Various devices permit linking one communication device to another
to permit communications between the devices. In some communication
systems, an endpoint device in a communication system can be an end
user device that allows a user to communicate with other endpoint
devices (e.g., in some systems via one or more intermediate
communication devices and a communication network or the like). For
example, a wearable end user device can be linked to an
intermediate communication device (e.g., a cellphone, smartphone,
gaming device, tablet, laptop) that in turn is connected to a
communication network that permits a user of the end user device to
communicate verbally or otherwise with other devices connected to
the network. When a user is wearing an end user device it can be
inconvenient, and in some case, dangerous to require the user to
perform multiple steps to transmit audio and/or to silence the end
user device. Some communication devices require a user to perform
multiple steps with a graphical user interface or other user
interface that may not be practical or even possible for a user to
perform in some settings.
As a result, it would be advantageous to facilitate enabling audio
transmission and to facilitate end user device silencing using
one-touch transmission and one-touch silencing in a manner that is
simple and reliable for users and that assists the user in
operating the end user device.
OVERVIEW
Implementations of one-touch transmission and one-touch silencing
of a wearable group communication device utilize an end user device
body and face that can be moved relative to one another in one or
more simple actions. One-touch audio transmission is enabled after
an end user device is activated to enable communications (e.g.,
with other end user devices in a group in one non-limiting
example). Depressing a face of the end user device relative to the
end user device's body enables audio transmission. While the face
is in its depressed position audio can be transmitted. To cease
audio transmission the face is released. One-touch audio silencing
of an activated end user device can be performed by rotating the
face relative to the body to silence audio broadcast. Some
implementations provide a simple activation/silencing function and
talk/no-talk function using one linear displacement axis of motion
of the face relative to the body and one rotational displacement
axis of motion of the face relative to the body. In some
implementations the linear displacement axis and rotational
displacement axis can be the same axis.
This Overview is provided to introduce a selection of concepts in a
simplified form that are further described below in the Technical
Disclosure. It may be understood that this Overview is not intended
to identify or emphasize key features or essential features of the
claimed subject matter, nor is it intended to be used to limit the
scope of the claimed subject matter.
BRIEF DESCRIPTION OF THE DRAWINGS
Many aspects of the disclosure can be better understood with
reference to the following drawings. While several implementations
are described in connection with these drawings, the disclosure is
not limited to the implementations disclosed herein. On the
contrary, the intent is to cover all alternatives, modifications,
and equivalents.
FIG. 1 illustrates one or more exemplary systems configured to
facilitate communications between end user devices.

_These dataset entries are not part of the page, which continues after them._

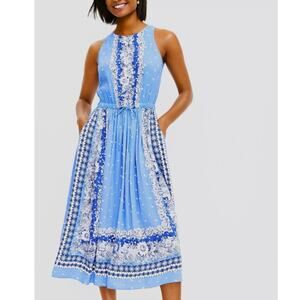 LOFT Floral Midi Dress Womens Medium Blue Open Back Pocket Beachy Summer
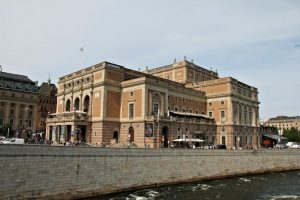 The Royal Swedish Opera. View from the Royal Palace across Norrbro bridge. The entrance is from the stately Gustav Adolfs torg.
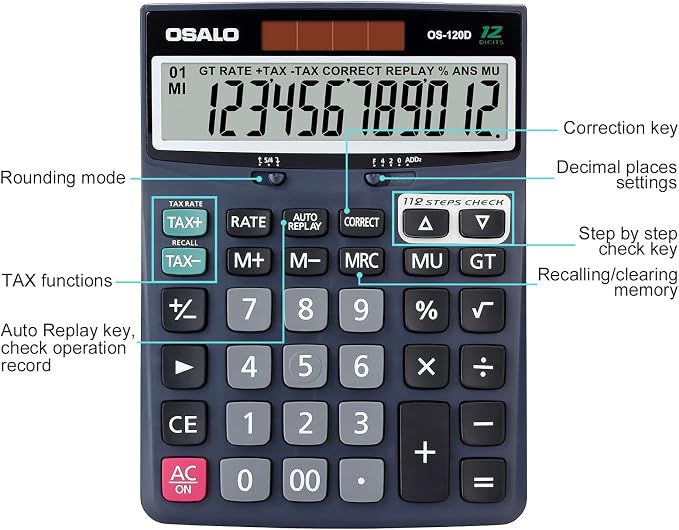 OSALO 12 Digits Desktop Calculator Extra Large LCD Display - Image 3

FIG. 2A is a top view of an end user device configured to implement
one-touch transmission and/or one-touch silencing of the end user
device.
FIG. 2B is a top view of an end user device configured to implement
one-touch transmission and/or one-touch silencing of the end user
device.
FIG. 2C is a side view of an end user device configured to
implement one-touch transmission and/or one-touch silencing of the
end user device.
FIG. 2D is a side view of an end user device configured to
implement one-touch transmission and/or one-touch silencing of the
end user device.
FIG. 3 illustrates one or more methods of operating a communication
system.
FIG. 4 illustrates one or more methods of operating a communication
system.
FIG. 5 illustrates a computing architecture of one or more
components of a wearable group communication system including end
user devices that provide one-touch transmission and one-touch
silencing.
FIG. 6A illustrates operation of a communication node.
FIG. 6B illustrates operation of a communication node.
TECHNICAL DISCLOSURE
The following description and associated figures teach the best
mode of the invention. For the purpose of teaching inventive
principles, some conventional aspects of the best mode may be
simplified or omitted. The following claims specify the scope of
the invention. Note that some aspects of the best mode may not fall
within the scope of the invention as specified by the claims. Thus,
those skilled in the art will appreciate variations from the best
mode that fall within the scope of the invention. Those skilled in
the art will appreciate that the features described below can be
combined in various ways to form multiple variations of the
invention. As a result, the invention is not limited to the
specific examples described below, but only by the claims and their
equivalents.
Some implementations of one-touch transmission and one-touch
silencing are used in a communication system that allows wearable
group communication end user devices to communicate with one
another via their respective intermediate communication devices and
a communication network. Such systems connect each end user device
to its associated intermediate communication device. Each such
intermediate communication device is connected to a network that
then allows communications between and among members of a group
that is made up of two or more end user devices.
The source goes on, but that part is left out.